As with past versions of the guide, we solicited the help of a local barber shop to help test out the contenders. This year we worked with Joe and Anthony Berriola of Razor’s Barbershop, a popular Boston-area shop that specializes in beard care and shaves. Before leaving the full shipment of beard trimmers with them for hands-on testing, we looked at all 17 of the contenders and dismissed a few for being too expensive, too bizarrely designed, or too specialized for most people. There were also a couple of trimmers we dismissed because one or two among us had owned them in the past and had few nice things to say about them. Joe and Anthony were kind enough to test all 13 of our top contenders.
Over the course of one week, Joe and Anthony used the trimmers on their customers’ beards and heads, looking first and foremost for trimmers that could cut through hair with adequate power and without pulling any hair. They also looked for trimmers with sharp blades, an even balance, a slim body, and versatility for cutting different lengths of hair, including whether or not it could approximate a shave. The goal was to find the trimmers that would work best for most men in an at-home environment while relying on the experience and expertise of pros to identify any potential problems. They took notes, ranked the quality and features of each trimmer, and winnowed the pool down to a few of their favorites. To assist them, I had Joe and Anthony answer and take notes on the following questions:
A week later, I returned to the shop and had my beard trimmed with Joe and Anthony’s favorite, looking out for any pinching or pulling the thing might cause. I then took all the trimmers back and spent a few days tinkering with the top picks, noting any final design, performance, or reliability issues they might have posed.
The Wahl Lithium Ion+ Stainless Steel (#9818) beard trimmer offers the best balance of power, sharpness, precision, and handfeel of all the cordless trimmers we tested—and it’s the only cordless model that the barbers who performed our tests said they would use in their shop on their own customers.
The motor and blade are powerful and sharp enough to approximate a shave or to cut through thick, fully-grown beards with ease, but it’s also slim enough for grooming and precision detailing.

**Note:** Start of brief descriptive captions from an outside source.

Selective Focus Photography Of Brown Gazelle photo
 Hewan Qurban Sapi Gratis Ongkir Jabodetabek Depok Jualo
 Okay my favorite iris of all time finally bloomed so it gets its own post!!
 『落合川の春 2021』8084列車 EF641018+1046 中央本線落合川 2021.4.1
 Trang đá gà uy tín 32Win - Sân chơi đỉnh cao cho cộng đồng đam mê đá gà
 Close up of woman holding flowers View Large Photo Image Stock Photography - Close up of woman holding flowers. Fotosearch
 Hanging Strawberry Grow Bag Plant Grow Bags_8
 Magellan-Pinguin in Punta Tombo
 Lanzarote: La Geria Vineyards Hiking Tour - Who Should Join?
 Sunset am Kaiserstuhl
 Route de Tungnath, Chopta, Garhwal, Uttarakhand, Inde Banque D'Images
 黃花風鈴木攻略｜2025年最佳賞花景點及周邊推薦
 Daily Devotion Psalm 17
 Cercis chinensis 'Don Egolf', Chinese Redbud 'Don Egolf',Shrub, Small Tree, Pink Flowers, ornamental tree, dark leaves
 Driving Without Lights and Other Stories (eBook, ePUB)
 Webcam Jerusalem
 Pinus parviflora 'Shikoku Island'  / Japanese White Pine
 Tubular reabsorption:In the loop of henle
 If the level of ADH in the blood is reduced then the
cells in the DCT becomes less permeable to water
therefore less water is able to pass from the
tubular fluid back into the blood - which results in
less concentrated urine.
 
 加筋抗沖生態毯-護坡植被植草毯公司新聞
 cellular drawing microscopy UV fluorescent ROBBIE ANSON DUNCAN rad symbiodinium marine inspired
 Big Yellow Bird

In all our tests the trimmer pulled only a few hairs—fewer than any other cordless model. With a stainless steel exterior, it has the strongest, most durable body of all the trimmers we tested, and it has more clip-on guide combs, hair cutting accessories, and supplementary blades than all but one. The battery is advertised to last an average of four hours on a single charge, but our tests showed it lasting even longer with virtually no signs of power fade; most online user reviews seem to corroborate the trimmer’s long-term reliability. It also includes a charging LED to let you know when it needs a charge and when the charge is complete, and it comes packed with a few useful accessories: a beard comb, a small cleaning brush, and oil for lubricating the blade (which is recommended every month or so).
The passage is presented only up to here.